Report every line below that holds the word "front".

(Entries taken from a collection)
Segment Open

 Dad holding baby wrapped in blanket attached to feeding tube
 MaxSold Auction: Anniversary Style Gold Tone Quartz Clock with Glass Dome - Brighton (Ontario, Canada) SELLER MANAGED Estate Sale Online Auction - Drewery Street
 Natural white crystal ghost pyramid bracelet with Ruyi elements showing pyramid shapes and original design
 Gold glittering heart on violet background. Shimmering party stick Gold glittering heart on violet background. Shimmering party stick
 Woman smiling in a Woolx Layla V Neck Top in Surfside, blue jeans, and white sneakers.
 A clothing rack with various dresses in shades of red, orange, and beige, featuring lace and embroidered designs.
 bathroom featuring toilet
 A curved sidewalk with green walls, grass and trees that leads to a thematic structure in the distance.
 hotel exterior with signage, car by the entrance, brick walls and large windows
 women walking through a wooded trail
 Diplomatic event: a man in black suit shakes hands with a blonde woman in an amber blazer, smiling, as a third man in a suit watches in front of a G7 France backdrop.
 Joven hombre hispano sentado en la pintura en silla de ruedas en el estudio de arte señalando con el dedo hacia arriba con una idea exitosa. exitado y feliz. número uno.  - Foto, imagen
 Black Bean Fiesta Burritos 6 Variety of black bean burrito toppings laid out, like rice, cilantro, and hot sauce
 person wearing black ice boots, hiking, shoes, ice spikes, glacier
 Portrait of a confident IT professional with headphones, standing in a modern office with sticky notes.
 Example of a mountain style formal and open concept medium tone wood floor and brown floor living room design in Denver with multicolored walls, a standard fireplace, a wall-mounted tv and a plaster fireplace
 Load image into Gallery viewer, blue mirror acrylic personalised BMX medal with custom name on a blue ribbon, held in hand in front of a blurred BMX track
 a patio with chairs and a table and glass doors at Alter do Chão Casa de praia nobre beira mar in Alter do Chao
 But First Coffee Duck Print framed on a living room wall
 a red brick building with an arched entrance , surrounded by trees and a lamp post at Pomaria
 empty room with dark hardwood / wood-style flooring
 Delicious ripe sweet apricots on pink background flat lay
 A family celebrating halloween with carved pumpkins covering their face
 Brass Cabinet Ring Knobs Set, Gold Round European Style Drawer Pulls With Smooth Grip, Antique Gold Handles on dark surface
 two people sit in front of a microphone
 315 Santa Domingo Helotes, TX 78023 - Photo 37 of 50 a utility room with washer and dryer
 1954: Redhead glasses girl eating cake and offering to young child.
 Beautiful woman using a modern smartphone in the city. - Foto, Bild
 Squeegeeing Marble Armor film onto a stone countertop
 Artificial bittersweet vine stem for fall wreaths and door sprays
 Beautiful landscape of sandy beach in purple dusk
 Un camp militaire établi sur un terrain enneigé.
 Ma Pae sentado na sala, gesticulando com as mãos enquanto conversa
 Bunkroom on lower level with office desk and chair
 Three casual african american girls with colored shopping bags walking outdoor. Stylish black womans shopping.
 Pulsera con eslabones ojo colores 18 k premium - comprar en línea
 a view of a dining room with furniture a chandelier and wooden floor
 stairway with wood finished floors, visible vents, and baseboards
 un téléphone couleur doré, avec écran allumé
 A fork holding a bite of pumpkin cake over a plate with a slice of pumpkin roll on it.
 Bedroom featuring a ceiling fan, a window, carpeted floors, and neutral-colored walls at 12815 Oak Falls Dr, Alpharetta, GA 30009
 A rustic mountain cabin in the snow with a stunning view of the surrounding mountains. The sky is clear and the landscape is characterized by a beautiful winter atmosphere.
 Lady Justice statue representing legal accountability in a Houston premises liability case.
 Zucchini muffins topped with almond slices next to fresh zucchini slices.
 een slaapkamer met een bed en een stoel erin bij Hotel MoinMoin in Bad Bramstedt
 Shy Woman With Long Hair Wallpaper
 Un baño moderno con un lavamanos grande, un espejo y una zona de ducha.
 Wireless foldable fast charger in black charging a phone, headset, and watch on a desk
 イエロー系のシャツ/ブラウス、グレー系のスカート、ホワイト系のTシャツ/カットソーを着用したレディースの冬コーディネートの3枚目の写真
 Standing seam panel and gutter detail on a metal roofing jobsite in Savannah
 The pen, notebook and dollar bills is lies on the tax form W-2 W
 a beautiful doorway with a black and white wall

Segment Closed

[EXPECTED OUTPUT]:
 Diplomatic event: a man in black suit shakes hands with a blonde woman in an amber blazer, smiling, as a third man in a suit watches in front of a G7 France backdrop.
 Load image into Gallery viewer, blue mirror acrylic personalised BMX medal with custom name on a blue ribbon, held in hand in front of a blurred BMX track
 two people sit in front of a microphone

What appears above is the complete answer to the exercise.